Less than two hours after ESPN reported MLB Commissioner Rob Manfred was less confident a season would happen in 2020, the players’ association fired off another missive.
“Players are disgusted that after Rob Manfred unequivocally told Players and fans that there would ‘100%’ be a 2020 season, he has decided to back on his word and is now threatening to cancel the entire season. Any implication that the Players Association has somehow delayed progress on health and safety protocols is completely false, as Rob has recently acknowledged the parties are ‘very, very close.’ This latest threat is just one more indication Major League Baseball has been negotiating in bad faith since the beginning. This has always been about extracting additional pay cuts from Players and this is just another day and another bad faith tactic in their ongoing campaign.”
The 2020 season is in serious jeopardy. Both sides have upped their rancor in recent days. Manfred said earlier in the day he was less confident about a 2020 season happening after the MLBPA asked him for a “when and where” season start over the weekend.

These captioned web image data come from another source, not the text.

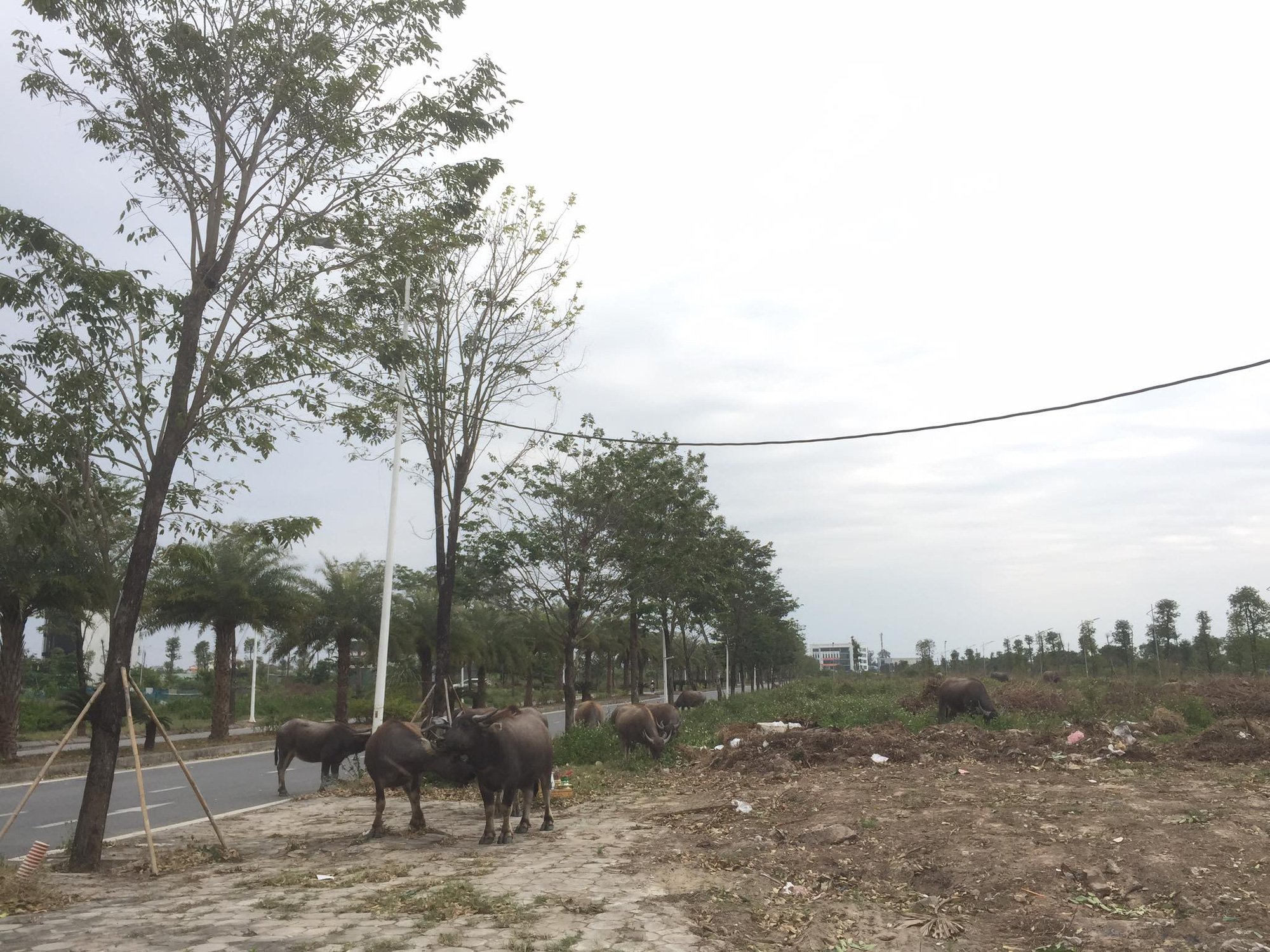 Những lô đất nào ở Khu đô thị Thanh Hà - Cienco 5 đủ điều kiện tiếp tục xây dựng? - Ảnh 1.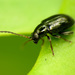 Spurge Flea Beetles - Photo (c) Katja Schulz, some rights reserved (CC BY)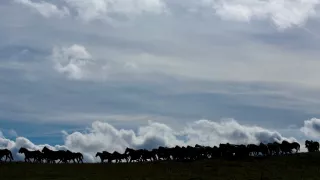 Ve větru kopyt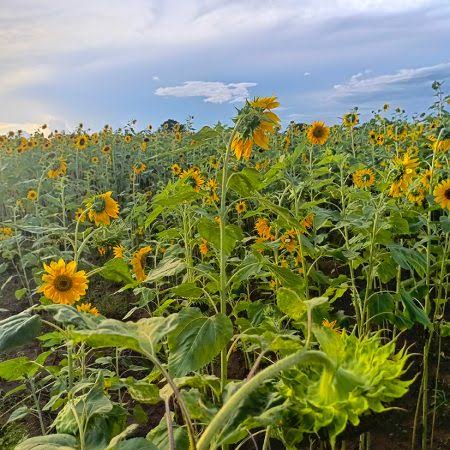 Milika sunflower field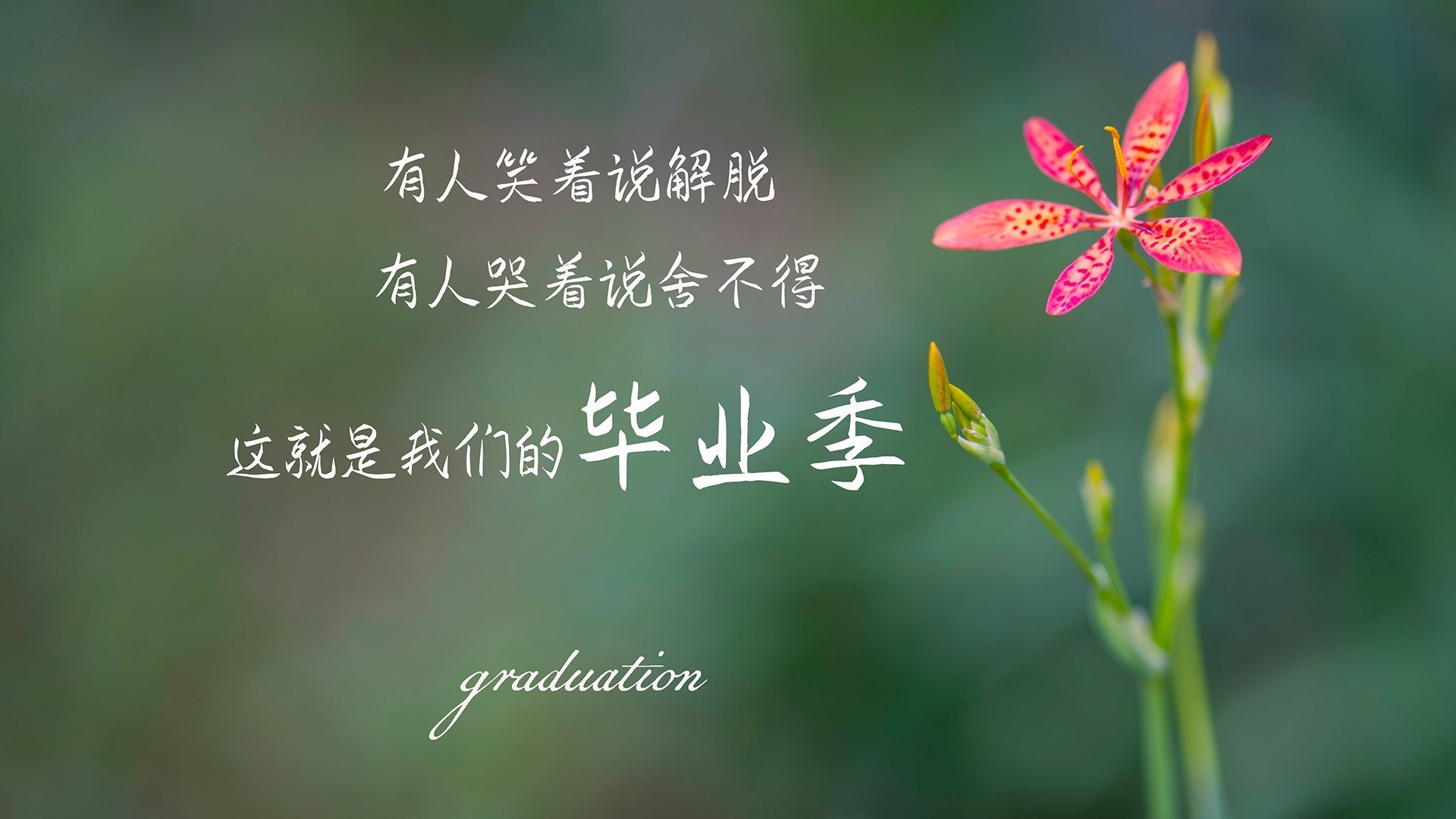 开云体育官网-孤星逐日，2026世界杯E组焦点战，加维独舞难阻波兰绝杀加纳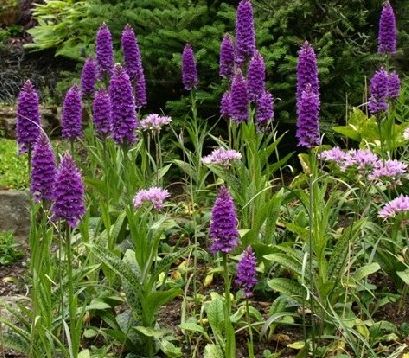 storczyk ogrodowy Dactylorhiza zimujący w gruncie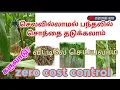 Lagu கருவாட்டு பொறி /fish meal trap/ control flies zero cost 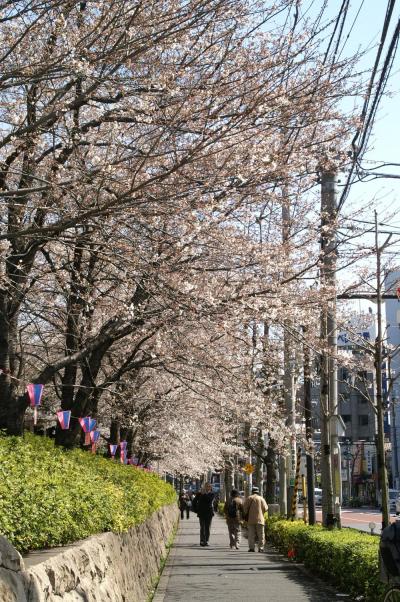 飛鳥山の桜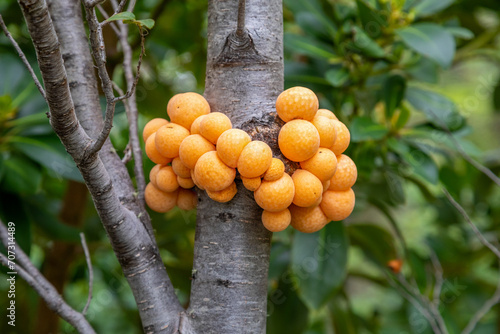 Pan de Indio Indian Bread Cyttaria hariotii photo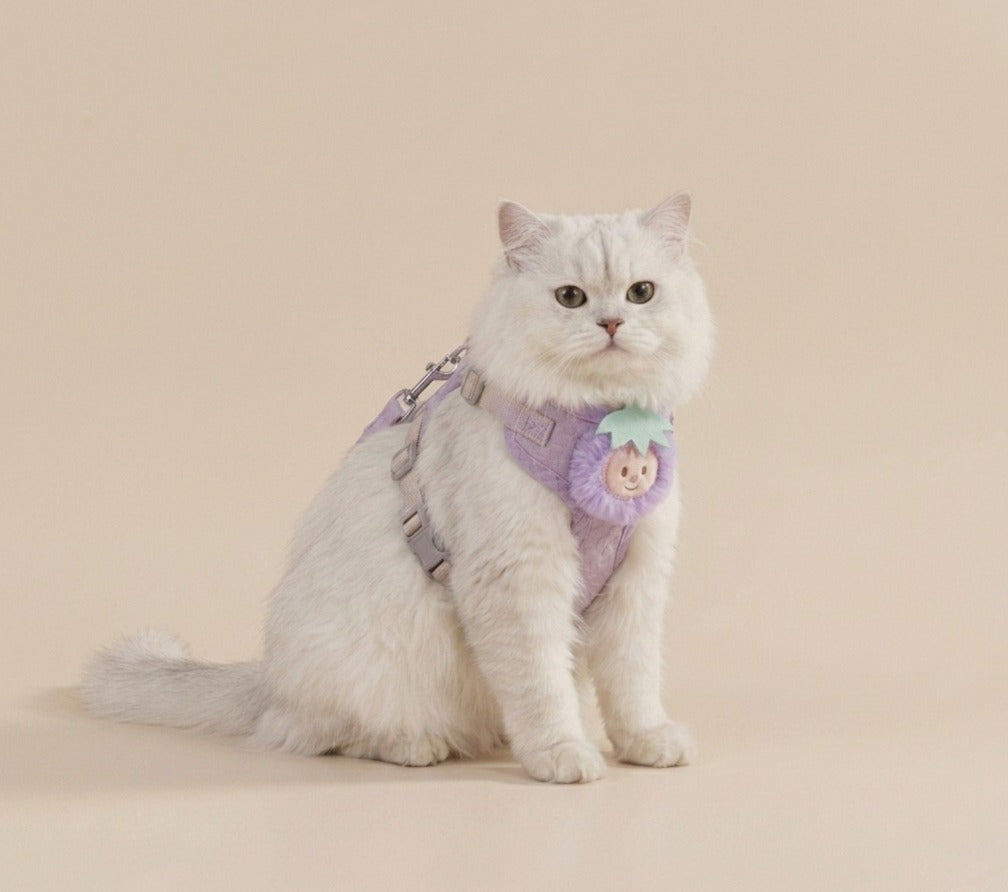 Cute Fruit Charm Harness & Leash for Cats & Puppies Medium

During a sitdown interview with ESPN for a Monday night special about the return of sports, the commissioner said, "I'm not confident. I think there's real risk; and as long as there's no dialogue, that real risk is gonna continue," when asked for his confidence level of a MLB season in 2020.
He went on to call the optics of the situation a “disaster for our game” and accused the union of negotiating in bad faith.
"I had been hopeful that once we got to common ground on the idea that we were gonna pay the players' full prorated salary, that we would get some cooperation in terms of proceeding under the agreement that we negotiated with the MLBPA on March 26," Manfred told ESPN. "Unfortunately, over the weekend, while Tony Clark was declaring his desire to get back to work, the union's top lawyer was out telling reporters, players and eventually getting back to owners that as soon as we issued a schedule -- as they requested -- they intended to file a grievance claiming they were entitled to an additional billion dollars. Obviously, that sort of bad-faith tactic makes it extremely difficult to move forward in these circumstances."
Manfred is in a tight spot. He either imposes the 50-game season and possibly ends up fighting a large grievance from the union or he comes up on games and off any further salary cut, which means he caves to the players, and costs the owners more money.
Players predictably blasted his comments on social media Monday. The union’s retort was also predictable.
This back-and-forth has reached its final stages. Manfred is contradicting his own flat statements -- he guaranteed a 2020 season in back-to-back interviews last week. The players have dug in. Owners will have to decide which avenue to go down.